DATA TO EXAMINE
※ ※ ※

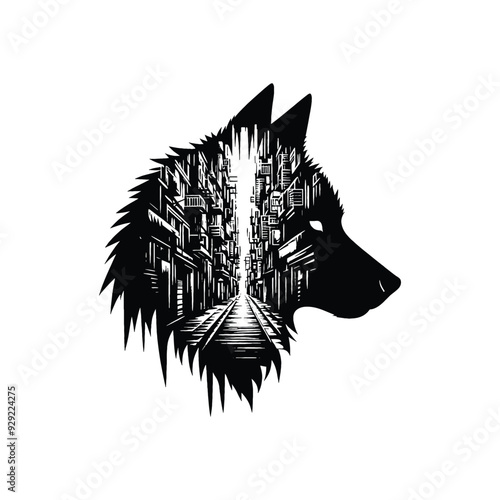 silhouette of Wolf, filled with ghetto street in rough drawing,
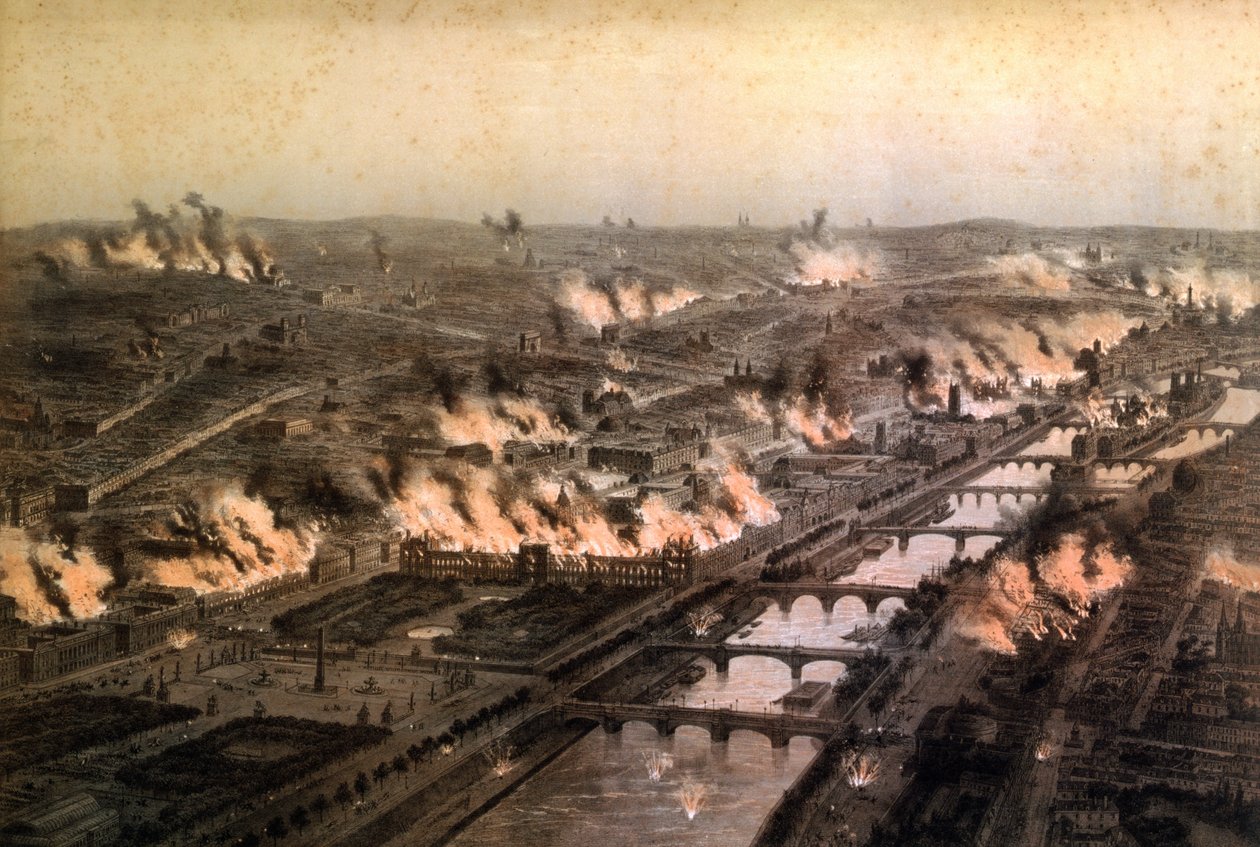 Panorama požárů v Paříži během komuny, květen 1871 od E. Daroy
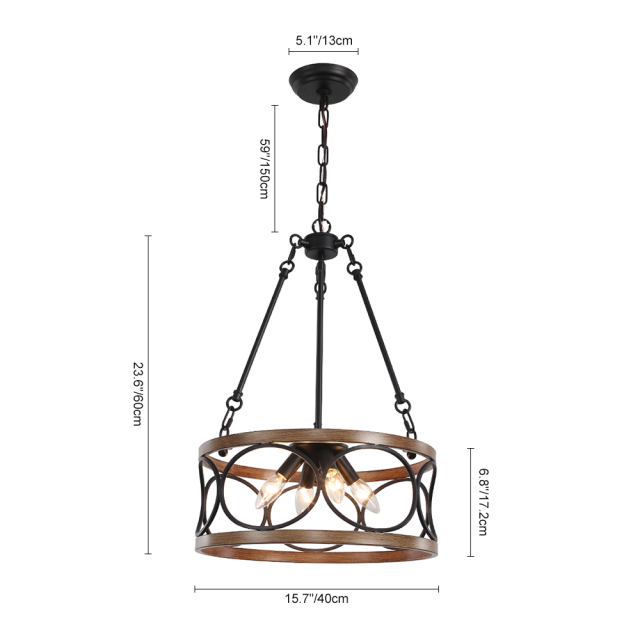 4-Light Modern Black and Wood Farmhouse Drum Pendant Chandelier for Dining Room/Kitchen/Living Room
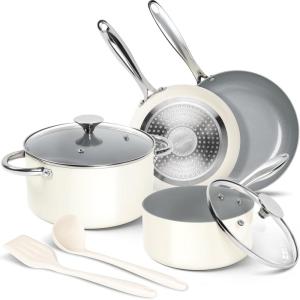 MICHELANGELO Pots and Pans Set Non Stick – Titanium Cookware Set Non Toxic Ceramic Coating, 8-Pcs Nonstick Pots and Pans with Ergonomic Handle, Dishwasher Safe & Induction Compatible, Blue(Ceramic Cookware Cream)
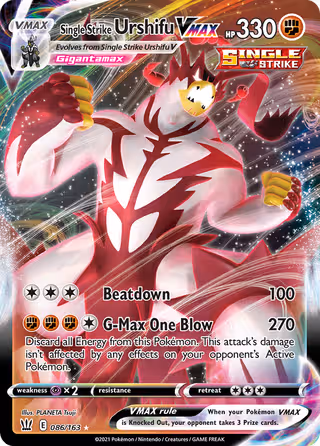 Single Strike Urshifu VMAX 86/163 Pokemon card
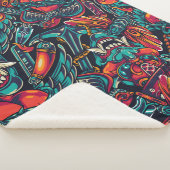 Retro Tattoo Patroon Sherpa Deken (3/4)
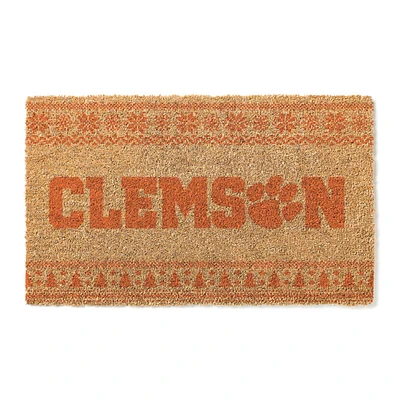 Clemson Tigers 18" x 30" Holiday Coir Doormat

※ ※ ※

WHAT YOU WILL DO
Output, exactly and without pictures, the lines above that run from the one containing "MICHELANGELO Pots and" through the last line of the entries, inclusive.

TASK SOLUTION
 MICHELANGELO Pots and Pans Set Non Stick – Titanium Cookware Set Non Toxic Ceramic Coating, 8-Pcs Nonstick Pots and Pans with Ergonomic Handle, Dishwasher Safe & Induction Compatible, Blue(Ceramic Cookware Cream)
 Single Strike Urshifu VMAX 86/163 Pokemon card
 Retro Tattoo Patroon Sherpa Deken (3/4)
 Clemson Tigers 18" x 30" Holiday Coir Doormat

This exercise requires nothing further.